*** Records provided ***
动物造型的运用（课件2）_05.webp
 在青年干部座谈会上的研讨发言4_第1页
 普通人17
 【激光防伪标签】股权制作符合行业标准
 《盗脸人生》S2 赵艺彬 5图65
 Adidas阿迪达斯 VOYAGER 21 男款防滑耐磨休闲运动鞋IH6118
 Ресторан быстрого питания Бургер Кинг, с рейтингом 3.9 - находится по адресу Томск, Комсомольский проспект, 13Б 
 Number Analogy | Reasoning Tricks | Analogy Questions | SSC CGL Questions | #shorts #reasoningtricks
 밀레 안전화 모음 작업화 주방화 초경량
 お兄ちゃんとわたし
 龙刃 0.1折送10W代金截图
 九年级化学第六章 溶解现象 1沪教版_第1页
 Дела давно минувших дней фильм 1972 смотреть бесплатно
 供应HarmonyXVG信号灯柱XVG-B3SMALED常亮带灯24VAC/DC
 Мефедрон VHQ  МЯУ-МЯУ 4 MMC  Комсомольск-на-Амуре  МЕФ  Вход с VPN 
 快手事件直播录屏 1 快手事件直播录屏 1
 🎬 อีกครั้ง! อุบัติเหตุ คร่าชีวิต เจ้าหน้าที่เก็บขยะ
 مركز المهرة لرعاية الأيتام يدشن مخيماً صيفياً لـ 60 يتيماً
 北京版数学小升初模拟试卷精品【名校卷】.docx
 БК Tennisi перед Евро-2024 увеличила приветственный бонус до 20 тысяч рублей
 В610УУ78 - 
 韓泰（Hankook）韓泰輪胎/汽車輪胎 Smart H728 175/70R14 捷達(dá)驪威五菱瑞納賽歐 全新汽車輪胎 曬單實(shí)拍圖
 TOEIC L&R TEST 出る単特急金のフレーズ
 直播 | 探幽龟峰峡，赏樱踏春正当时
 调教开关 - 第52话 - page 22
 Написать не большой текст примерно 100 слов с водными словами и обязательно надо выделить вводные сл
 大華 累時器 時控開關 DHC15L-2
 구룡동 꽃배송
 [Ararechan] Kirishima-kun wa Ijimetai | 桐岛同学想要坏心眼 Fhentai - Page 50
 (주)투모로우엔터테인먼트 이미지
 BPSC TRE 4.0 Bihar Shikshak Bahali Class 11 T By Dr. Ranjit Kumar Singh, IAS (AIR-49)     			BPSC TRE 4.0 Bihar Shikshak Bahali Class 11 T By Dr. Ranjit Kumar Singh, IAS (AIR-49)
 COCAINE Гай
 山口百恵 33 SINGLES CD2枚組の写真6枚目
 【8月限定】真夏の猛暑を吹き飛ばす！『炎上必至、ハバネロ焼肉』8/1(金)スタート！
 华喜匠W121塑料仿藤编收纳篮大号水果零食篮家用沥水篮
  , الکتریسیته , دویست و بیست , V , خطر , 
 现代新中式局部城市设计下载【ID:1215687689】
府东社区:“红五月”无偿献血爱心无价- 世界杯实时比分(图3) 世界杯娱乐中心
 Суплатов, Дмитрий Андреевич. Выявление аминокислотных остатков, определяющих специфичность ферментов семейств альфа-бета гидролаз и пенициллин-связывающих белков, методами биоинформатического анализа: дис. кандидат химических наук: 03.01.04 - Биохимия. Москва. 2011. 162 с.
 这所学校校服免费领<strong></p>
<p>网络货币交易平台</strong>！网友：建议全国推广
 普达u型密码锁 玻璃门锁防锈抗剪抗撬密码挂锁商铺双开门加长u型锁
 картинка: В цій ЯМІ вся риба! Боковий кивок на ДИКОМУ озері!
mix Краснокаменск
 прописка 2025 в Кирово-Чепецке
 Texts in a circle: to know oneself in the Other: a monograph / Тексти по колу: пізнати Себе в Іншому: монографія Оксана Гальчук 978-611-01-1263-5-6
***
→ **Work item**: Copy the lines above exactly. Start with the line containing "БК Tennisi перед", end with the line containing "прописка 2025 в Кирово-Чепецке", and include both.

→ **Your solution**:
 БК Tennisi перед Евро-2024 увеличила приветственный бонус до 20 тысяч рублей
 В610УУ78 - 
 韓泰（Hankook）韓泰輪胎/汽車輪胎 Smart H728 175/70R14 捷達(dá)驪威五菱瑞納賽歐 全新汽車輪胎 曬單實(shí)拍圖
 TOEIC L&R TEST 出る単特急金のフレーズ
 直播 | 探幽龟峰峡，赏樱踏春正当时
 调教开关 - 第52话 - page 22
 Написать не большой текст примерно 100 слов с водными словами и обязательно надо выделить вводные сл
 大華 累時器 時控開關 DHC15L-2
 구룡동 꽃배송
 [Ararechan] Kirishima-kun wa Ijimetai | 桐岛同学想要坏心眼 Fhentai - Page 50
 (주)투모로우엔터테인먼트 이미지
 BPSC TRE 4.0 Bihar Shikshak Bahali Class 11 T By Dr. Ranjit Kumar Singh, IAS (AIR-49)     			BPSC TRE 4.0 Bihar Shikshak Bahali Class 11 T By Dr. Ranjit Kumar Singh, IAS (AIR-49)
 COCAINE Гай
 山口百恵 33 SINGLES CD2枚組の写真6枚目
 【8月限定】真夏の猛暑を吹き飛ばす！『炎上必至、ハバネロ焼肉』8/1(金)スタート！
 华喜匠W121塑料仿藤编收纳篮大号水果零食篮家用沥水篮
  , الکتریسیته , دویست و بیست , V , خطر , 
 现代新中式局部城市设计下载【ID:1215687689】
府东社区:“红五月”无偿献血爱心无价- 世界杯实时比分(图3) 世界杯娱乐中心
 Суплатов, Дмитрий Андреевич. Выявление аминокислотных остатков, определяющих специфичность ферментов семейств альфа-бета гидролаз и пенициллин-связывающих белков, методами биоинформатического анализа: дис. кандидат химических наук: 03.01.04 - Биохимия. Москва. 2011. 162 с.
 这所学校校服免费领<strong></p>
<p>网络货币交易平台</strong>！网友：建议全国推广
 普达u型密码锁 玻璃门锁防锈抗剪抗撬密码挂锁商铺双开门加长u型锁
 картинка: В цій ЯМІ вся риба! Боковий кивок на ДИКОМУ озері!
mix Краснокаменск
 прописка 2025 в Кирово-Чепецке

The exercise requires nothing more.